• WORK INSTRUCTION:
Only one stretch of the material below is wanted: everything from the line containing "Certified 2025 INFINITI QX50 Sport image 10" down to the line containing "Knopf Bitten Apple mittel rot 2cm", both ends included. Repeat it exactly and skip the pictures.

• TASK INPUT:

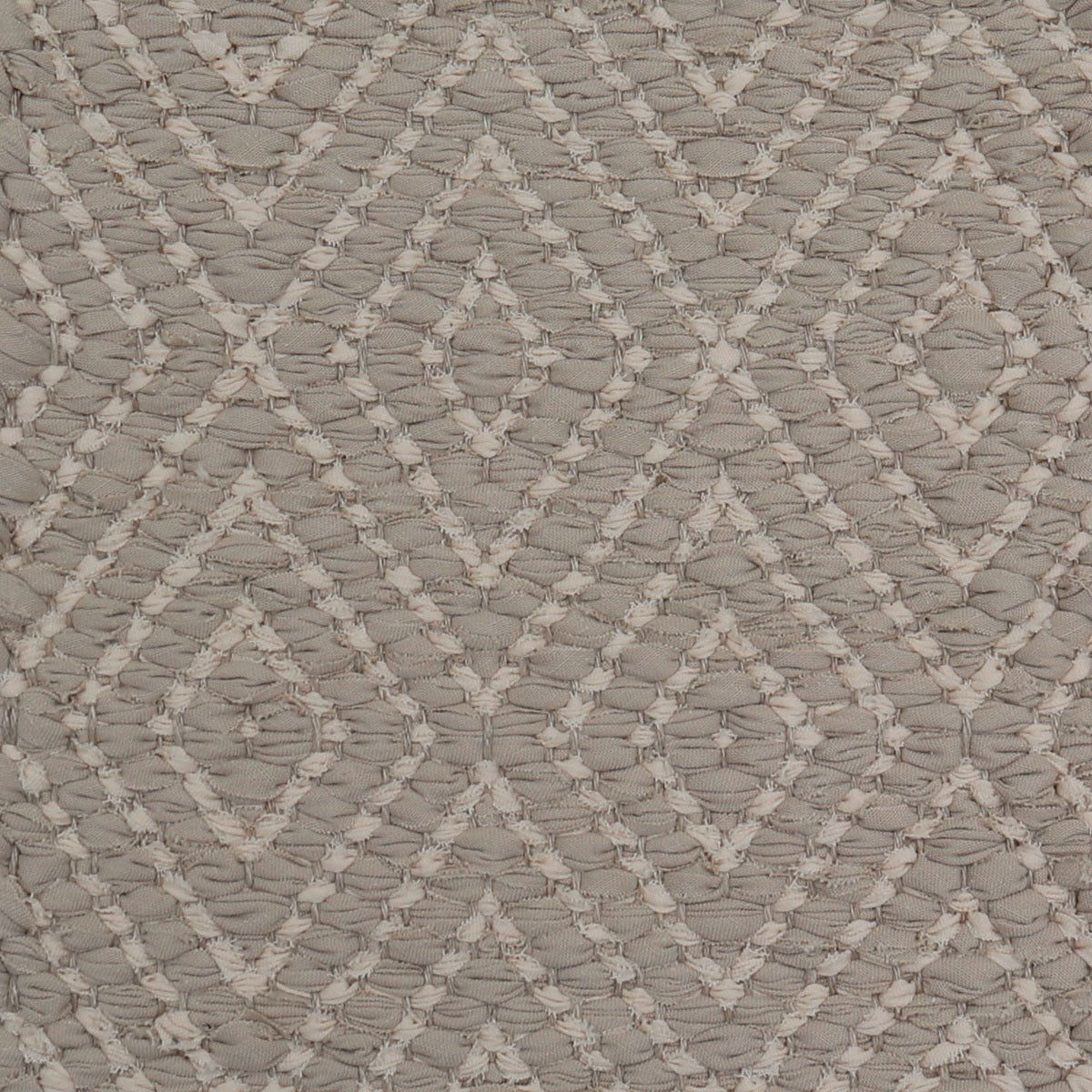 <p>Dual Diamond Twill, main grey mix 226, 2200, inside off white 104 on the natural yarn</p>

* * *

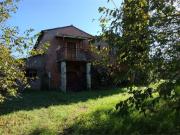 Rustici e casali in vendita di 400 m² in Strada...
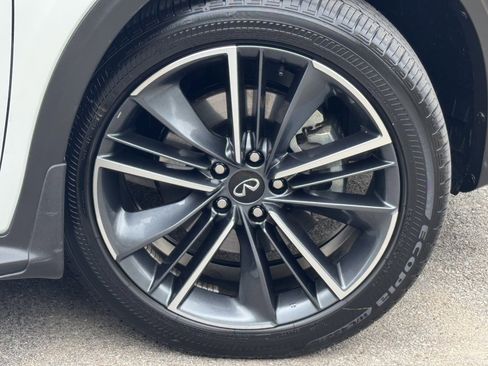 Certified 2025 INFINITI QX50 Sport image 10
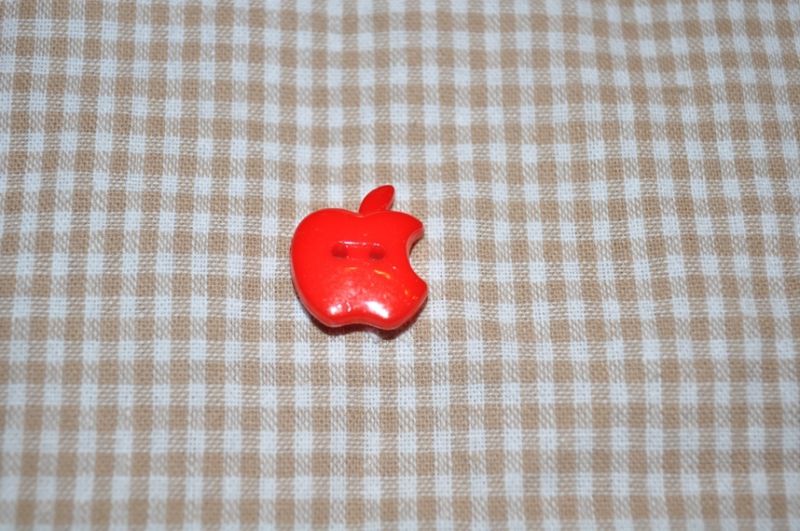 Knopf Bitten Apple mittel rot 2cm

• RESULT BELOW:
 Certified 2025 INFINITI QX50 Sport image 10
 Knopf Bitten Apple mittel rot 2cm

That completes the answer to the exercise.